Task prompt:
Retype the material that follows exactly, limited to the lines from the one with "True Catalyst 9" through the one with "Napperon brodé polyester coton blanc 18 cm", and keep out all pictures.

Input data:
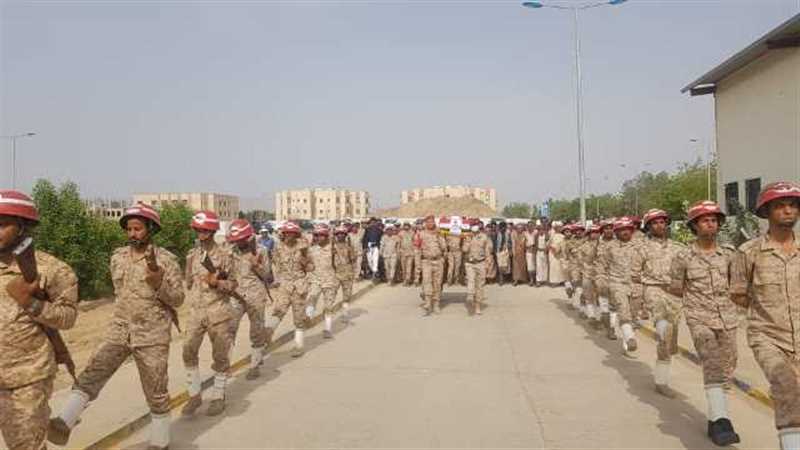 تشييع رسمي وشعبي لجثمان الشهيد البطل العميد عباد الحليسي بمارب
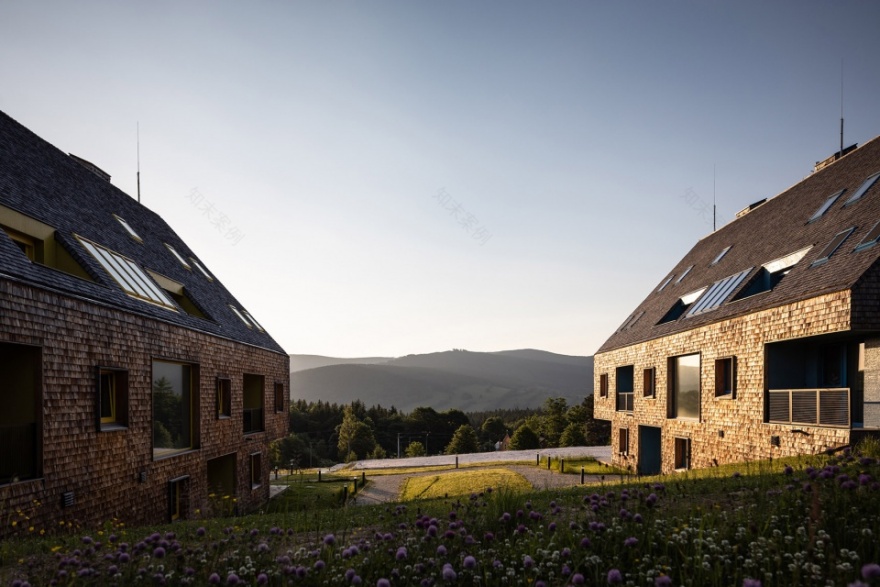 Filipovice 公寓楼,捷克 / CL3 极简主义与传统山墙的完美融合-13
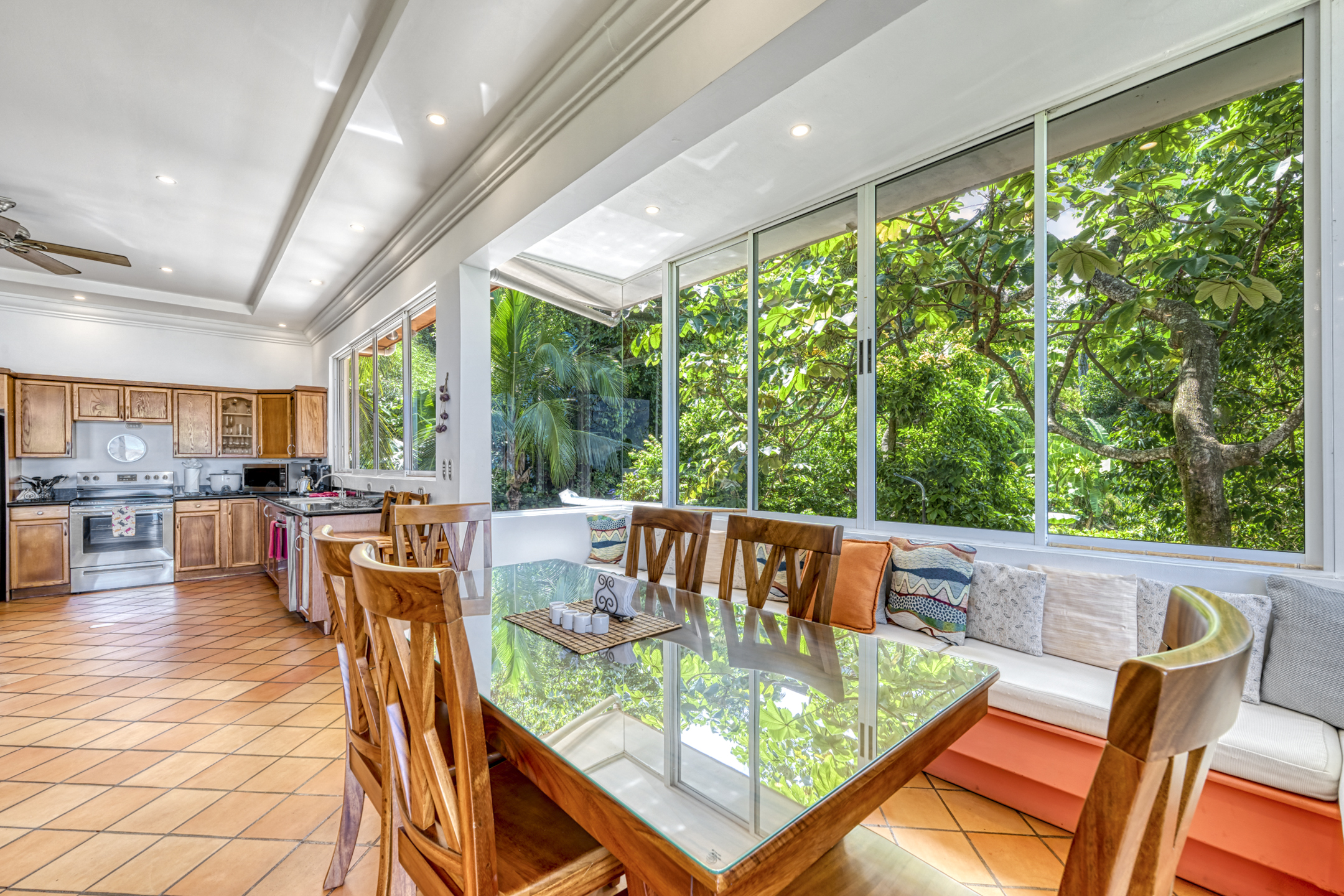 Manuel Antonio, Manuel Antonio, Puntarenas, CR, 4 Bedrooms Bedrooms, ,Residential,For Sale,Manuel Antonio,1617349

==

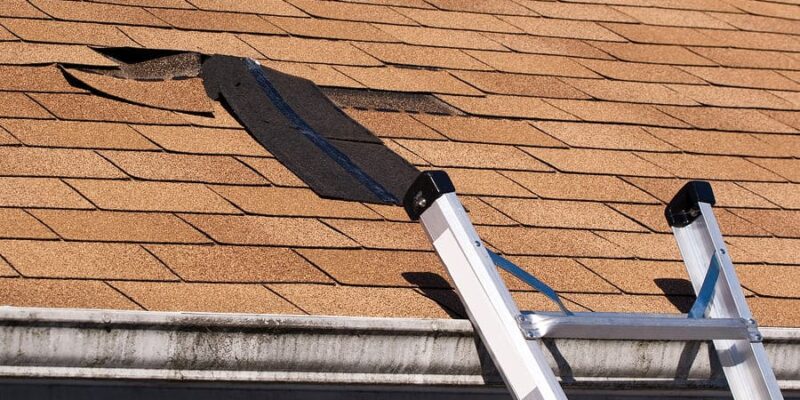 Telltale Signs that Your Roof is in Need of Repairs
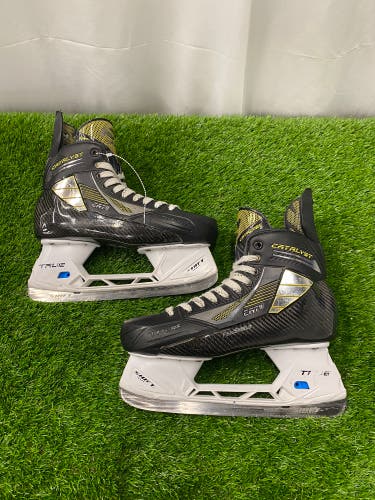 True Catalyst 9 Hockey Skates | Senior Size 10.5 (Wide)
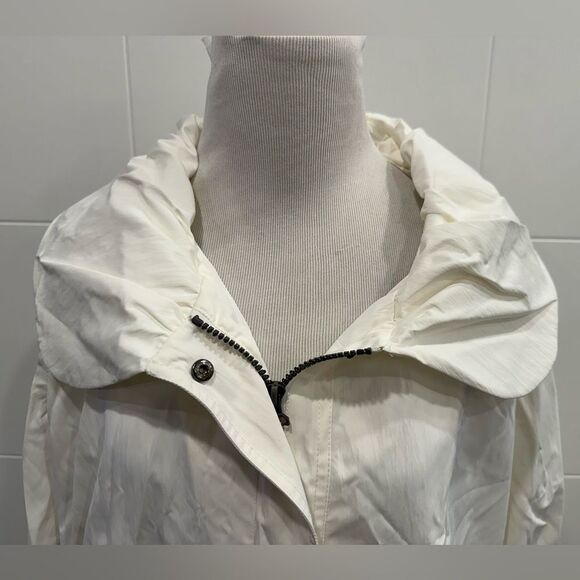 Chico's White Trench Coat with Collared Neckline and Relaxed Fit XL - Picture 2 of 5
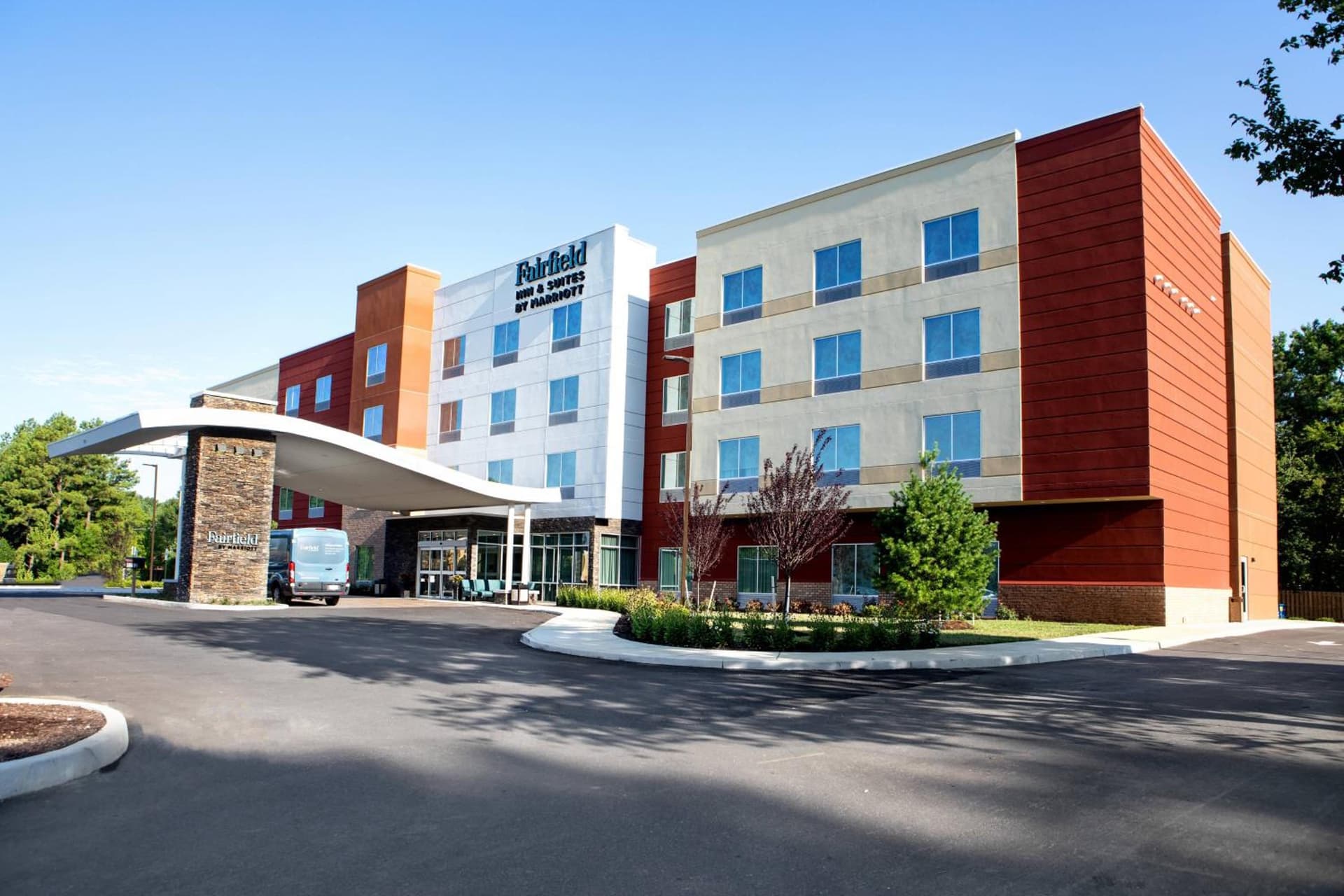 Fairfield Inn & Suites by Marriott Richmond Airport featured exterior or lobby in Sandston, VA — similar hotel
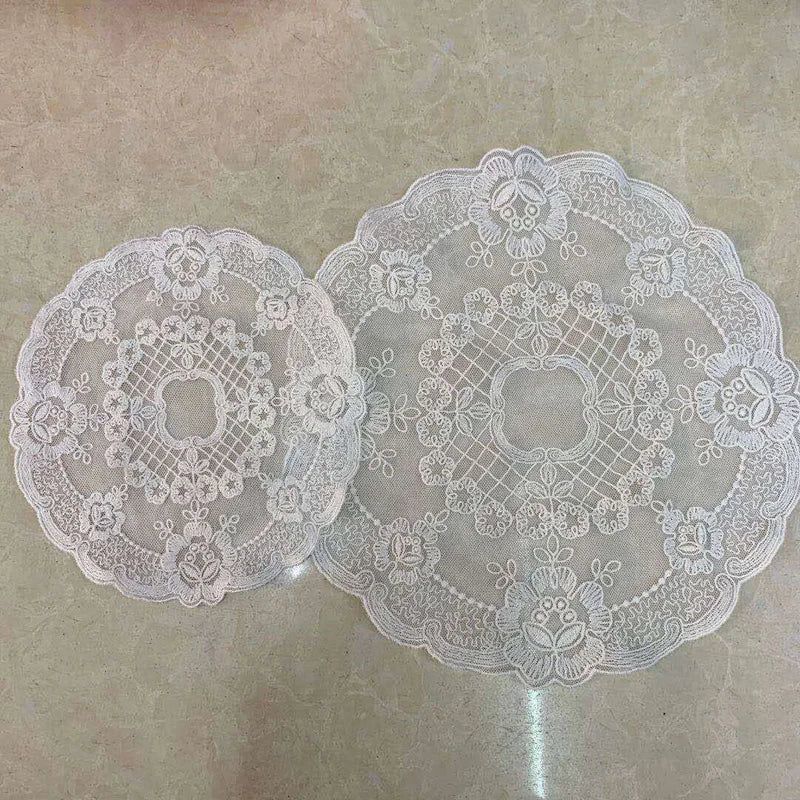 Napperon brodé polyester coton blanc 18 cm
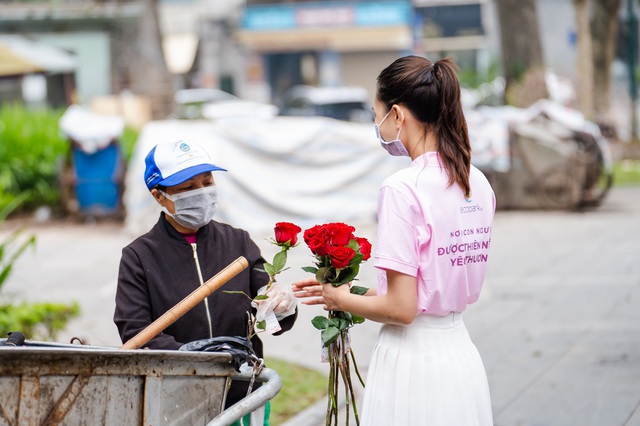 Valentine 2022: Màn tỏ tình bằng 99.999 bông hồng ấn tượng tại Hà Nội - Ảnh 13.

...

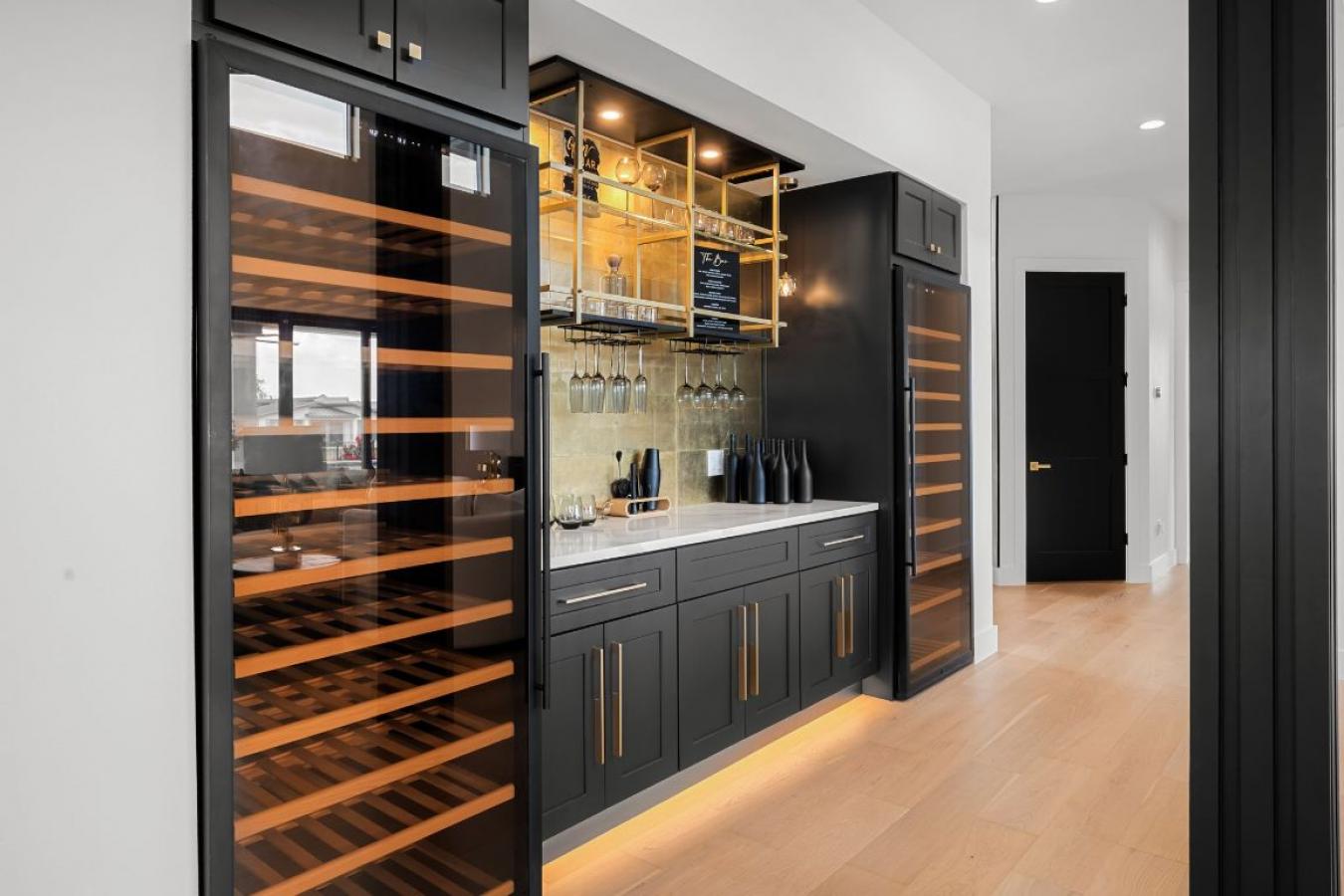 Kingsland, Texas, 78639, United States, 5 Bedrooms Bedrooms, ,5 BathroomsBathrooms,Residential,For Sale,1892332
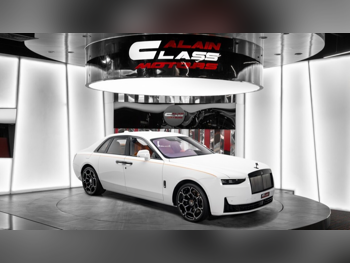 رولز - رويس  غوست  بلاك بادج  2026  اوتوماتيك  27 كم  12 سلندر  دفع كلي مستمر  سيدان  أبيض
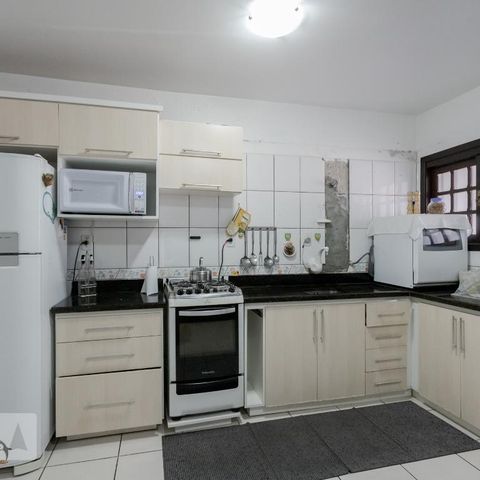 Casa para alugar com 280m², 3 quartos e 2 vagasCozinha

Output of the exercise:
 True Catalyst 9 Hockey Skates | Senior Size 10.5 (Wide)
 Chico's White Trench Coat with Collared Neckline and Relaxed Fit XL - Picture 2 of 5
 Fairfield Inn & Suites by Marriott Richmond Airport featured exterior or lobby in Sandston, VA — similar hotel
 Napperon brodé polyester coton blanc 18 cm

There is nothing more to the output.